RECORDS PROVIDED
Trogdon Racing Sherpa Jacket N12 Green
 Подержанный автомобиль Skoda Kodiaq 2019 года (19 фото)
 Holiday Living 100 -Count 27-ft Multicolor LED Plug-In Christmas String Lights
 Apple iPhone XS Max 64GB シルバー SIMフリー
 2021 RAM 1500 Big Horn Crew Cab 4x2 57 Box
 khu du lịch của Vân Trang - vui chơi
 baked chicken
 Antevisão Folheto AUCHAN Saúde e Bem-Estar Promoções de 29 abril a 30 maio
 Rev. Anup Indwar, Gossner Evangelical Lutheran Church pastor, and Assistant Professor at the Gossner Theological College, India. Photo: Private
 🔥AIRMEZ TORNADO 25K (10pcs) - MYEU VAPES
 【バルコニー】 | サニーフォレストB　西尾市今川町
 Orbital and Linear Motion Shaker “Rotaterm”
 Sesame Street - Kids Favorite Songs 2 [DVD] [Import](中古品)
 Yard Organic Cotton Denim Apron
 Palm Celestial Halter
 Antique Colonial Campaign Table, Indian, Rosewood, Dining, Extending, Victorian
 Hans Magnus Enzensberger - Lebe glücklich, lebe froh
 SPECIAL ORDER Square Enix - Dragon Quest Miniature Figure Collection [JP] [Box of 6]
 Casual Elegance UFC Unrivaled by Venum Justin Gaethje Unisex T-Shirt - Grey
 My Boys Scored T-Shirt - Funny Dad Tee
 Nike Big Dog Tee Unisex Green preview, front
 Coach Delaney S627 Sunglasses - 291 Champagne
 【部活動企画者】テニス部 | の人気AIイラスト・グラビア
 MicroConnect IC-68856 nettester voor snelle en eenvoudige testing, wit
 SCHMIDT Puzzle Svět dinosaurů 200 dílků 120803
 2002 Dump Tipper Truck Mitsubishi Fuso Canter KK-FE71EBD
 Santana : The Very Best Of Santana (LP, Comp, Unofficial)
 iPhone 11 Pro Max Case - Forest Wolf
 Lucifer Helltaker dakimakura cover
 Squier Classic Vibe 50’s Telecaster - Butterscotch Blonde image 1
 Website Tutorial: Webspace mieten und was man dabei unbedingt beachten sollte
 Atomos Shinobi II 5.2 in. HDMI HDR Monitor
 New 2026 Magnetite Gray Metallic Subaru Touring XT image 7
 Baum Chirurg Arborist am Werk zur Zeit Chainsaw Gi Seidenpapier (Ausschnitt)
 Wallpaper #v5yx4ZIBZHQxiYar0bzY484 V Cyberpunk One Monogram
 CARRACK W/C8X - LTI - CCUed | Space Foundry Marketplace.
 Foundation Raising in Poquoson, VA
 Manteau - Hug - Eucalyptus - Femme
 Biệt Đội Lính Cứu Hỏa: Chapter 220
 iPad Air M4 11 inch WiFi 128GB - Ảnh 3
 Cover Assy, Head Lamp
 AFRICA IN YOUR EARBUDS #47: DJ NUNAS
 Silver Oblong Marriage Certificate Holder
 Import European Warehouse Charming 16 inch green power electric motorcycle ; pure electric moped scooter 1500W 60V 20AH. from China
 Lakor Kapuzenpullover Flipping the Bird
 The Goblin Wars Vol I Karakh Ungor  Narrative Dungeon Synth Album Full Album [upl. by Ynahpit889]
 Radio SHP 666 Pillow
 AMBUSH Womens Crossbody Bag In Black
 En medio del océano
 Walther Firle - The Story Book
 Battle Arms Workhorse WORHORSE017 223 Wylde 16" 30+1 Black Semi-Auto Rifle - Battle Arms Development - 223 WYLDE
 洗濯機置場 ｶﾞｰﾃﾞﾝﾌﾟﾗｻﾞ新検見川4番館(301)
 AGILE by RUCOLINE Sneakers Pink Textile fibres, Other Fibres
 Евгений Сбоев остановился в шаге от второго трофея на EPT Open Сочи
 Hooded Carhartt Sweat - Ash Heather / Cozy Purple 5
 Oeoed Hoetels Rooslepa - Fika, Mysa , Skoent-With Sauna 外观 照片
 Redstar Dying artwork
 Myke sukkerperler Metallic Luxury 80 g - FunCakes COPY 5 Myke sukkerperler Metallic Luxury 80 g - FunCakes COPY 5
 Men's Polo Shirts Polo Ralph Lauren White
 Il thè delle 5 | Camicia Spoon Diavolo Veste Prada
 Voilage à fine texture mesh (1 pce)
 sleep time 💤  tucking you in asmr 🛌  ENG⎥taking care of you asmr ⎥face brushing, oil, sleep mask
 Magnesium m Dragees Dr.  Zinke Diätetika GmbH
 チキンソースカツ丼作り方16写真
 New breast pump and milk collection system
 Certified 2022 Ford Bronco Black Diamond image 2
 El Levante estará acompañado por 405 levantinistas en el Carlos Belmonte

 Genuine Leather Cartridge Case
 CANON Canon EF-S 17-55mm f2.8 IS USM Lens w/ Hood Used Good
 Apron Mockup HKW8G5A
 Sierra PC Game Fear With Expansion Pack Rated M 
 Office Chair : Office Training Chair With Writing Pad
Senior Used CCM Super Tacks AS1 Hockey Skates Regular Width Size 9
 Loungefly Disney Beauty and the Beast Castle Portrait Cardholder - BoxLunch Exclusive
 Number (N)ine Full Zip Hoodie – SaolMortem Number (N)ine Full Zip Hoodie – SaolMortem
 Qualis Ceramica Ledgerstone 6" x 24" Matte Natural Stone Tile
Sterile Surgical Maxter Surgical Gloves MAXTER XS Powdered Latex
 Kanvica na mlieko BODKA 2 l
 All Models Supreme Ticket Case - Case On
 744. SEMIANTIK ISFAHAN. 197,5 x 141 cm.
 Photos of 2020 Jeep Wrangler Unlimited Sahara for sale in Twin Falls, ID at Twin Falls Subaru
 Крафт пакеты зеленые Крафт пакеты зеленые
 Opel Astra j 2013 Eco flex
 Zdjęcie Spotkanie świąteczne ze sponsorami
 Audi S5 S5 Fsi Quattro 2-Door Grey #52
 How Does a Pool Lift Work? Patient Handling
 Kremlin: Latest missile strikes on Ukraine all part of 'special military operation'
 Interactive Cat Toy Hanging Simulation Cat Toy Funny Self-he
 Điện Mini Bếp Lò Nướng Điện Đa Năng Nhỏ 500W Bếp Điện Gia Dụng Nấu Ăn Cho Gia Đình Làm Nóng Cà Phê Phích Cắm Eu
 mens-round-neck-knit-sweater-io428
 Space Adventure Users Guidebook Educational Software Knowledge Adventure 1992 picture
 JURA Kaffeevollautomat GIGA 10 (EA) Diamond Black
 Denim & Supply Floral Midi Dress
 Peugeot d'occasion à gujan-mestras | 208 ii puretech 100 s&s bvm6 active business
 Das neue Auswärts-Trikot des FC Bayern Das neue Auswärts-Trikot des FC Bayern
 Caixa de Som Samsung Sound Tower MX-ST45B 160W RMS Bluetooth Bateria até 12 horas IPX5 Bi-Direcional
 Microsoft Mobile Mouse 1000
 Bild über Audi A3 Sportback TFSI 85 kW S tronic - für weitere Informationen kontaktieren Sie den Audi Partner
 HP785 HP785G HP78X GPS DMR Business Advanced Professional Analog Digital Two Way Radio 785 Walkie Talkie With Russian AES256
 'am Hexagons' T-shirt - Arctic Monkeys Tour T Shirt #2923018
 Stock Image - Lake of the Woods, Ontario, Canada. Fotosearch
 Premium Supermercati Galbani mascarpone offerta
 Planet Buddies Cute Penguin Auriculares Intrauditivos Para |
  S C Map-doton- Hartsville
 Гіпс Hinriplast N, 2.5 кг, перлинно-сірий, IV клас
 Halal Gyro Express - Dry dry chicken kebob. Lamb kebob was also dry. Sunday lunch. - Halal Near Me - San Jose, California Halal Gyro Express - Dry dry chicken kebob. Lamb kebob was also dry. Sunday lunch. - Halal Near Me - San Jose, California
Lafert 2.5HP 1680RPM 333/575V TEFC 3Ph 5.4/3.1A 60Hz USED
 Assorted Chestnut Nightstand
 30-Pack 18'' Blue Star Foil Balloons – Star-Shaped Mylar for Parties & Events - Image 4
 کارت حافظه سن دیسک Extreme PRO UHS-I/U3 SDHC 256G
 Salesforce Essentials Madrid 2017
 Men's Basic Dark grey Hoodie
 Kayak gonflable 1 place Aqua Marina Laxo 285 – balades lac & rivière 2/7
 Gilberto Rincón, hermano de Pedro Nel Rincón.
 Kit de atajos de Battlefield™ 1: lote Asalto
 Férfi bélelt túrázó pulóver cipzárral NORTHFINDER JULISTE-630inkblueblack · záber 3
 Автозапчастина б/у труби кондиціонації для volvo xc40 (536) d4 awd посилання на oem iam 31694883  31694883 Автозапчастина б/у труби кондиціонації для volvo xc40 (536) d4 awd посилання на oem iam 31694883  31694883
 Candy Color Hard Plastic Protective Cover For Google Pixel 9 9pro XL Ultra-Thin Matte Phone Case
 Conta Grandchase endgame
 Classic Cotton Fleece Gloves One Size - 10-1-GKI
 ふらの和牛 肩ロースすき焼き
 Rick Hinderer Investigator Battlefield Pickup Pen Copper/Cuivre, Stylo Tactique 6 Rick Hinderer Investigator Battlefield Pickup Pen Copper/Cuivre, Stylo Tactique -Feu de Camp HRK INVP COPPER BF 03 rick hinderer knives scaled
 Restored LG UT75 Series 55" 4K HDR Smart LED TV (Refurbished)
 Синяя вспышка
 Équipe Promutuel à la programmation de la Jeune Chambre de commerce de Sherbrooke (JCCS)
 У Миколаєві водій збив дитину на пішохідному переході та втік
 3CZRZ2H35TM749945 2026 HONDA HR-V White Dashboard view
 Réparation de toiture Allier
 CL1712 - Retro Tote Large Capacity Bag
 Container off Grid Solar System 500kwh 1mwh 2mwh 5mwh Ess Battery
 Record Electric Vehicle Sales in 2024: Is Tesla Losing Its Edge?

PROBLEM DESCRIPTION
The expected output is exactly the lines of the listing above between the line holding "Men's Polo Shirts Polo Ralph Lauren White" and the line holding "Loungefly Disney Beauty", inclusive.

OUTPUT FOR THIS EXERCISE
 Men's Polo Shirts Polo Ralph Lauren White
 Il thè delle 5 | Camicia Spoon Diavolo Veste Prada
 Voilage à fine texture mesh (1 pce)
 sleep time 💤  tucking you in asmr 🛌  ENG⎥taking care of you asmr ⎥face brushing, oil, sleep mask
 Magnesium m Dragees Dr.  Zinke Diätetika GmbH
 チキンソースカツ丼作り方16写真
 New breast pump and milk collection system
 Certified 2022 Ford Bronco Black Diamond image 2
 El Levante estará acompañado por 405 levantinistas en el Carlos Belmonte

 Genuine Leather Cartridge Case
 CANON Canon EF-S 17-55mm f2.8 IS USM Lens w/ Hood Used Good
 Apron Mockup HKW8G5A
 Sierra PC Game Fear With Expansion Pack Rated M 
 Office Chair : Office Training Chair With Writing Pad
Senior Used CCM Super Tacks AS1 Hockey Skates Regular Width Size 9
 Loungefly Disney Beauty and the Beast Castle Portrait Cardholder - BoxLunch Exclusive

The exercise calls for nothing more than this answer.